Of particular interest is the fact that the sitters were invited through the use of public outreach by venues that have traditionally served as community anchors within African American Birmingham. Bey, and curator Ron Platt, understood that the dialogues surrounding the subjects could not occur solely within the museum, just as the project itself could not occur without it. Bey chose two sites: the Bethel Baptist Church, in Collegeville, for its role in Birmingham’s resistance movement, and the Birmingham Museum of Art for its troubled history outlined above.

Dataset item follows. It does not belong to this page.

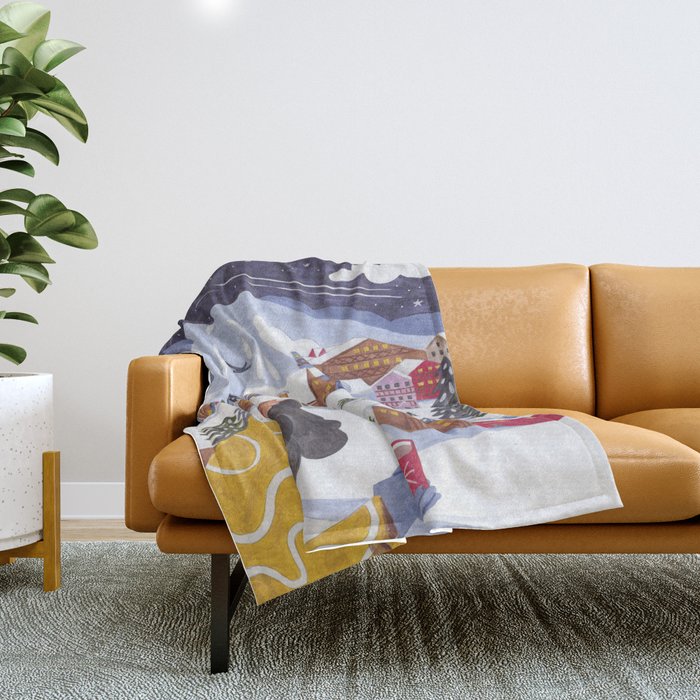 Modern woman in the Alps Throw Blanket Gallery Image 1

Trentin Williams and Willie Robinson (2012), Archival pigment prints mounted to dibond, 40 x 64 inches, courtesy the artist and the Birmingham Museum of Art

The halves of each diptych were conjoined after the fact, and although this approach may seem like a missed opportunity to create genuine engagement, instead it seems simply borne from necessity. The differences in age and generation would probably have meant that the younger sitters were on their best behavior with those they considered their elders. By photographing each sitter individually, Bey was able to create a sense of ease that allowed the sitters ultimately to relax into the chair, or rest their arms on the pew, or find a comfortable position that doesn’t seem posed. As Platt explains in his catalog essay, Bey has a subtle ability to “match people who shared physical features, manner, gesture or more intangible characteristics.” The relationships Bey creates are not happenstance. While they may or may not lack the tension that could have occurred if the subjects had been photographed together, the simple connections created by gestures like the mirroring postures seen in Janice Kemp and Triniti Williams, or Michael-Anthony Allen and George Washington highlight how each of Bey’s sitters is similar in his or her difference. Even more tension exists in the images where Bey moves away from mostly mirrored demeanor and instead places the sitters’ relationships elsewhere. Consider Mary Parker and Caela Cowan, in which Parker is seated in three-quarter view, whereas Cowan sits square to the camera. Here, both Ms. Parker and Ms. Cowan project a sense of gravitas, and each engages viewers through directness.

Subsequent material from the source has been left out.